The effect of DEM resolution and subwatershed delineation on AnnAGNPS model simulation

The impact of critical source area (CSA) and DEM resolution on hydrological attributes was examined by comparing seven sets of CSA (0.5, 1, 2, 3, 4, 6, and 8km2) and eight DEMs (30, 40, 50, 60, 70, 80, 90, and 100m) using the case study of Dage sub-watershed of Chaohe watershed of North China. The accuracy of agricultural nonpoint source pollution models (AnnAGNPS) stimulation on runoff, sediment and nutrient loads on these different sets of CSA and DEM was further suggested. Variation of CSA would lead to the uncertainty of average slope which increase the generalization of land characteristics. At the range of CSA from 0.5km2to 1km2, there was little impact of CSA on slope. Runoff amount did not vary so much with the variation of CSA whereas soil erosion and TN load change prominently. An increase of sediment yield was observed firstly then a decrease following later. Evident decrease of TN load occurred, especially when CSA was bigger than 6km2. TP load showed little variation with the change of CSA. So the proper CSA was the basis of AnnAGNPS Model simulation. Regarding to the impact of DEM resolution within an AnnAGNPS Model simulation, there was significant impact on slope gradient which can be corrected by cubic model with the correction of 99.80% based on the liner regression equation of average slope and DEM mesh size.

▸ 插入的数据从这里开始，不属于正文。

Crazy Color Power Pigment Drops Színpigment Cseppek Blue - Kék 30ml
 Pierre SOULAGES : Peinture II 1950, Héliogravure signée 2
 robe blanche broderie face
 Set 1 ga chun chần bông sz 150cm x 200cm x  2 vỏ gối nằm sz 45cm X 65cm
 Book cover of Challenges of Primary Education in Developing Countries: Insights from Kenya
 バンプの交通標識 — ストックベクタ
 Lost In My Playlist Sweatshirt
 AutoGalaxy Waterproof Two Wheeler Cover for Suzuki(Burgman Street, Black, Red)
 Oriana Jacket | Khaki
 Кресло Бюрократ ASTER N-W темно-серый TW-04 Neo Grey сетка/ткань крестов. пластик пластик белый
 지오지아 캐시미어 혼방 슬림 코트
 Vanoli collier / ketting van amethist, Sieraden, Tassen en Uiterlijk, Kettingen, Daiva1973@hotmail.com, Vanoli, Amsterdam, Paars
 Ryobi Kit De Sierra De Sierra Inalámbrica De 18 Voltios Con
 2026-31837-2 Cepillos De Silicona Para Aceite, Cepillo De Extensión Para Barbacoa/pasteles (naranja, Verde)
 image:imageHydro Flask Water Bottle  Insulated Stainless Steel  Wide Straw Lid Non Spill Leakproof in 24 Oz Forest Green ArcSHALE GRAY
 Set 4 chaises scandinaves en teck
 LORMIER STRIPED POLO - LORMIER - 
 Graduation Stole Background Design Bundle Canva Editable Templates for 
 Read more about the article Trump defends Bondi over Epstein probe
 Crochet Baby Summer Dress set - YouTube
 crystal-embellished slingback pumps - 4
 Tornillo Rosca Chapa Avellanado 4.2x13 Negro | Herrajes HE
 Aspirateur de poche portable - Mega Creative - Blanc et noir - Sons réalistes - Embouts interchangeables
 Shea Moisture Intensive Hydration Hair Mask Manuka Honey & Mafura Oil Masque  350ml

Runoff did not vary much with decrease of DEM resolution whereas soil erosion and total nitrogen (TN) load change prominently. There was little effect on runoff simulation of AnnAGNPS modeling by the amended slope using an adjusted 50m DEM. A decrease of sediment yield and TN load was observed with an increase of DEM mesh size from 30m to 60m; a slight decrease of sediment and TN load with the DEM resolution bigger than 60m. There were similar trends for total phosphorus (TP) variation, but with less range of variation than the simulation of sediment, TN, and TP. In all, the amended simulation still had a large difference relative to the results using 30m DEM. Results for Dage sub-watershed showed that fine meshes were desired to avoid large underestimates of sediment and total nitrogen loads and moderate underestimates of total phosphorus loads. Decreasing the mesh size beyond this threshold did not substantially affect the computed runoff flux but generated prediction errors for nitrogen and sediment yields.